Two pieces are unequivocal competition testers and have titles to prove it. André Messager’s is a dazzling virtuoso display piece which is far more daunting than Collins makes it sound – he seems to float placidly over all those frantic runs and scales, and if he does need to catch his breath, he does so with such discretion that it never even momentarily interrupts what is a pretty solid barrage of notes. Henri Raboud’s Solo de concours, takes a more poised and measured course, opening with a sturdy and sustained idea which might lull anyone into a false sense of security. It suddenly turns into a light, naïve little tune with hints of something vaguely chinoiserie which, inevitably, builds up in excitement until, with a glorious flourish, Collins tosses off the sea-shanty like conclusion with tremendous aplomb.

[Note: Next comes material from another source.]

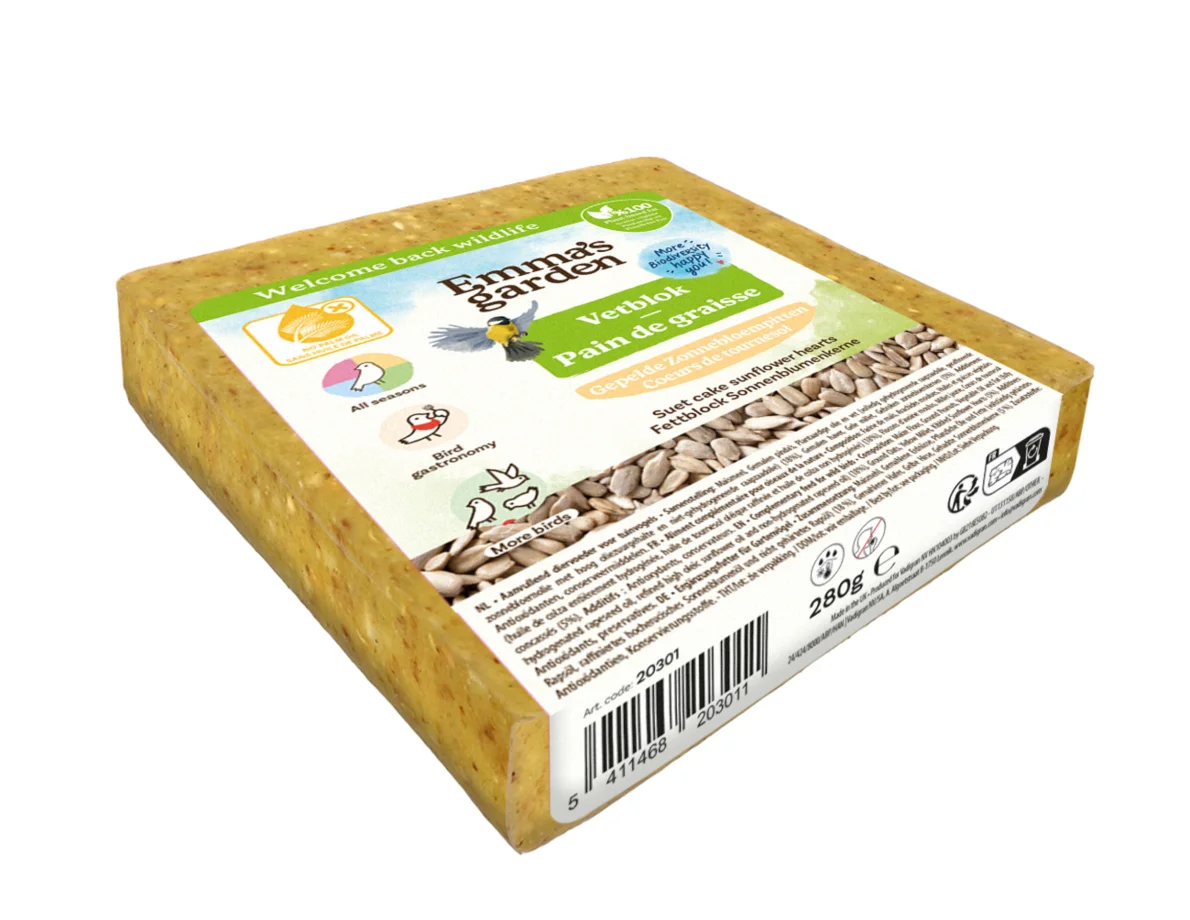 Fat Block – Emma's Garden - zonnebloem 280gr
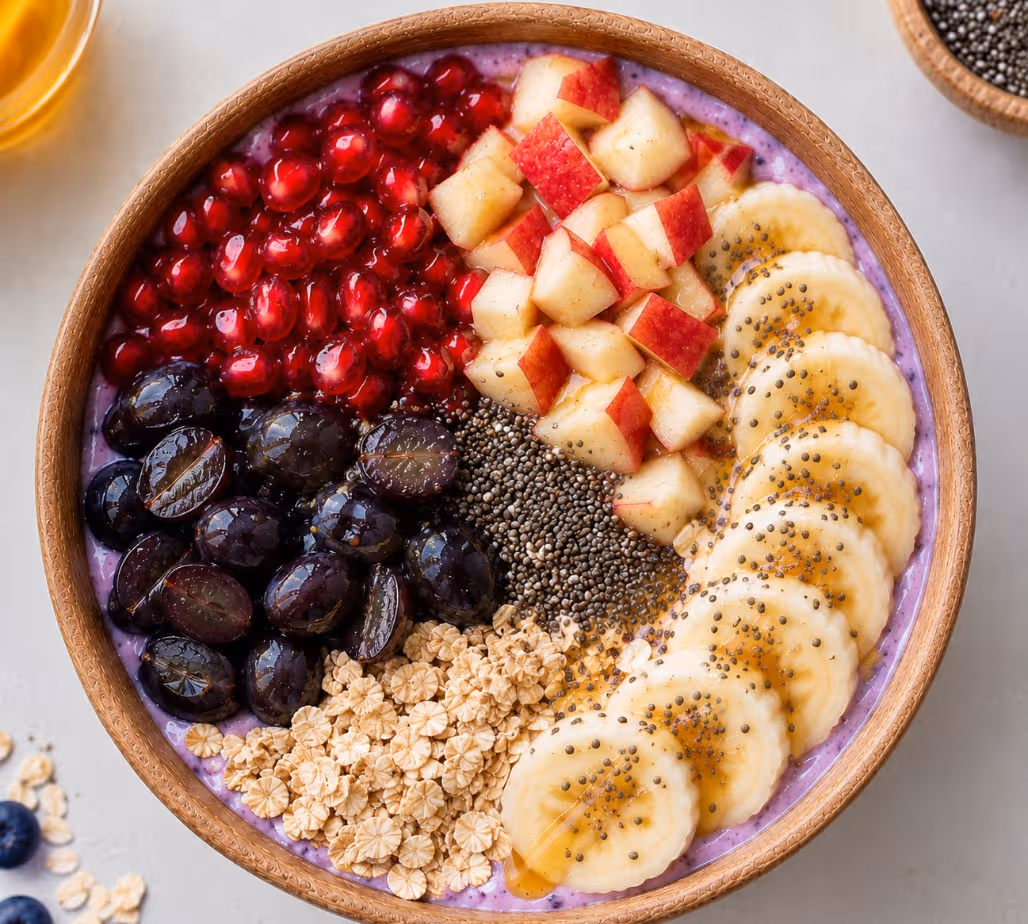 Nourishing fresh antioxidant bowl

The actual competition pieces on the disc are chronologically framed by Widor’s Introduction et Rondo and Debussy’s Première Rhapsodie. Both have entered the repertory and have long since lost their competitive implications. But if any clarinettist going through the mill at the Paris Conservatoire in the first decade of the 20th century was able to produce the kind of seamless, perfectly modulated tone over Debussy’s long-breathed melodic lines, as Collins does here, they would surely have been very special students indeed. This is a superlative performance of a truly magical work, the quick-fire changes of mood deftly handled by both Collins and his unfailingly sensitive pianist, Noriko Ogawa. The Widor dances along cheerfully and buoyantly, its virtuoso ending superbly managed here.
In his booklet notes Stephen Johnson suggests that “even as late as 1921” the clarinet was still considered something of an outsider in Parisian musical circles. Saint-Saëns, who died that year, wrote his Sonata with the intention of giving a “seldom considered instrument an opportunity to be heard”. One thing is certain; history has ensured the Saint-Saëns’ Sonata is one of the firmest fixtures in the clarinet repertory, and while every clarinet student plays a movement or two from it for their graded examinations at one time or another, Collins and Ogawa give it a performance here which elevates it into the realm of true virtuoso music – the final movement taken at such a breath-taking gallop that one can only marvel at the security and tautness of ensemble they both maintain, without flagging, for the movement’s five minute duration.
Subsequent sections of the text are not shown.